Identifying interactions in mixed and noisy complex systems

We present a technique that identifies truly interacting subsystems of a complex system from multichannel data if the recordings are an unknown linear and instantaneous mixture of the true sources. The method is valid for arbitrary noise structure. For this, a blind source separation technique is proposed that diagonalizes antisymmetrized cross-correlation or cross-spectral matrices. The resulting decomposition finds truly interacting subsystems blindly and suppresses any spurious interaction stemming from the mixture. The usefulness of this interacting source analysis is demonstrated in simulations and for real electroencephalography data.

Figure 1

(Color online) Each row contains results for two different simulations shown as full and dashed lines, respectively. Top: coupled Rössler system for the noisy vs noise-free case; middle: coupled vs uncoupled Rössler system with noise added; bottom: same as middle row using now normalized cross-spectra. The panels in the left column show power averaged over four channels.
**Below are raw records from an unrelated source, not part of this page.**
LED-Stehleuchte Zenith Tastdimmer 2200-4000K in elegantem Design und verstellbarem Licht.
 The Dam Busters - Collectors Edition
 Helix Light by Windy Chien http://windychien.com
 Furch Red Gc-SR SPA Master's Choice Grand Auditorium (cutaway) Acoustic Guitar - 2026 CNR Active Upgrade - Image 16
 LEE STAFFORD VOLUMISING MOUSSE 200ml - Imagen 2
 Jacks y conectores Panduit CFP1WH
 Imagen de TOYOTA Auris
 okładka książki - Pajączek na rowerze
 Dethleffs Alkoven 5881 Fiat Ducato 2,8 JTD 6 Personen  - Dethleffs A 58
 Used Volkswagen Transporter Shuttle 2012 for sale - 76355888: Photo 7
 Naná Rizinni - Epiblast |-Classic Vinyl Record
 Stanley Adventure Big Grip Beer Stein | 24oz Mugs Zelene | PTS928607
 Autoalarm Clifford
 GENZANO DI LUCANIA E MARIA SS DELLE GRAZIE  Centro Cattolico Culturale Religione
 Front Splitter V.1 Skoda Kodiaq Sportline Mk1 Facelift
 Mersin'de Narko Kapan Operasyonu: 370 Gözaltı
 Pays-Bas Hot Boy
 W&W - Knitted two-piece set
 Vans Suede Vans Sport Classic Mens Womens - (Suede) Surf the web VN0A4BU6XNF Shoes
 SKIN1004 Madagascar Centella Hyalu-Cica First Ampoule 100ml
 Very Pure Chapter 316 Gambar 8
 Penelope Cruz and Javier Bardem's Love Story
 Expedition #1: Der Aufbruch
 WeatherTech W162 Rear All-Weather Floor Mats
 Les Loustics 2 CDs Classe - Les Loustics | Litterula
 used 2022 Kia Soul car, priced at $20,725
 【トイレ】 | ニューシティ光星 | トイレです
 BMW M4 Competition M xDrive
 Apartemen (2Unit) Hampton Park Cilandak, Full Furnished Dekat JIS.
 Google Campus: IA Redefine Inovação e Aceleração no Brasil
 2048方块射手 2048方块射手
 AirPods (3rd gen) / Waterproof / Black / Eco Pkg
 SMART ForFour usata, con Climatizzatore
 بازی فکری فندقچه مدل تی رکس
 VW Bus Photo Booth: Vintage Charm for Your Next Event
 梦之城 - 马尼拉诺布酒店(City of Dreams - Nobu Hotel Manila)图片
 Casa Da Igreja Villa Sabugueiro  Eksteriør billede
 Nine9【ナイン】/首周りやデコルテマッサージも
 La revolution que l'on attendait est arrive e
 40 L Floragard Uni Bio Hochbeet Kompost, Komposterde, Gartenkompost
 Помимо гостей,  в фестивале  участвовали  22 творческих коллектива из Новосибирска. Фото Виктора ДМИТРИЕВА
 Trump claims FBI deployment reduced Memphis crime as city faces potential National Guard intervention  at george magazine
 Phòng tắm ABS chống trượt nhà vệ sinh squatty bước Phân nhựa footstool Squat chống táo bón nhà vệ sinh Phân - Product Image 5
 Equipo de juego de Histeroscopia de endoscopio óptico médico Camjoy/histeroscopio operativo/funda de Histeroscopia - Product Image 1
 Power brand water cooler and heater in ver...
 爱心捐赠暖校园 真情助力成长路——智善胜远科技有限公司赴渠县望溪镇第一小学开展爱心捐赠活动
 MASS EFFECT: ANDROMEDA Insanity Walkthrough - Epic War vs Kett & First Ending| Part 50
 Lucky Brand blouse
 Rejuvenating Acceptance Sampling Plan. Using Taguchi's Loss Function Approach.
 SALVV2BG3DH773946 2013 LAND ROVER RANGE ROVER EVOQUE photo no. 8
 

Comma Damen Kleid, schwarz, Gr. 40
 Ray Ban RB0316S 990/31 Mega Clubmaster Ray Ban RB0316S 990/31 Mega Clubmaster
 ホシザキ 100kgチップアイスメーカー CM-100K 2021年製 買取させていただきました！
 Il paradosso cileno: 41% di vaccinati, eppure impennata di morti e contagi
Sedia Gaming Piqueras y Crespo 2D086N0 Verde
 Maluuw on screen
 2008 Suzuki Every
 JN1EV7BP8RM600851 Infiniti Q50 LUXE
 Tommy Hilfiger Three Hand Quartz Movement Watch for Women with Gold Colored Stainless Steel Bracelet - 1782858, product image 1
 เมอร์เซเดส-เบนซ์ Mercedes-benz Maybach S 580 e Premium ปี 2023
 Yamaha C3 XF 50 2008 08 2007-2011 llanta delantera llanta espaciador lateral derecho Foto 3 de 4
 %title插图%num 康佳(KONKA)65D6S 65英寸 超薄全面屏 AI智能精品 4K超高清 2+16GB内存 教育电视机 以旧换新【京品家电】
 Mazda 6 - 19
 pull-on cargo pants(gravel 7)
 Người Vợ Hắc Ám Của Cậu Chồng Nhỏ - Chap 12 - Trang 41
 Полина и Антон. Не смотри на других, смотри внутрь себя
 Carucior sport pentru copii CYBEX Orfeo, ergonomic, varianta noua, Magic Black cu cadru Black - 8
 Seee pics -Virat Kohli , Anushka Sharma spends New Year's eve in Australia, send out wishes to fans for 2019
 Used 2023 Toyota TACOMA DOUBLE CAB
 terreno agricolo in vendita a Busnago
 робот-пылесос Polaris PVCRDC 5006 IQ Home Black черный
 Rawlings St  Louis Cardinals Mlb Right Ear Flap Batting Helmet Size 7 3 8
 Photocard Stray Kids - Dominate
The panels in the middle (right) column show the corresponding diagonals of the first (second) ISA component after complex diagonalization for each data set.

Figure 2

(Color online) Power as a function of electrode location for two frequencies, and as function of frequency for two selected channels as indicated.

Figure 3

(Color online) Left: Two basis fields (top and middle) and diagonal spectrum of component corresponding to occipital $\alpha$. Right: same for central mu rhythm.

Figure 4

(Color online) Spatial patterns of $\mu$ components calculated from the first half of the data (top and middle row) and $\text{spectra}\pm \text{twice}$ the SEM indicated in red calculated from the second half of the data (bottom row). The peaks at $12\mathrm{Hz}$ differ from zero by 9.42 and 11.43 standard errors of the mean, respectively. The corresponding $p$ values are below ${10}^{-15}$.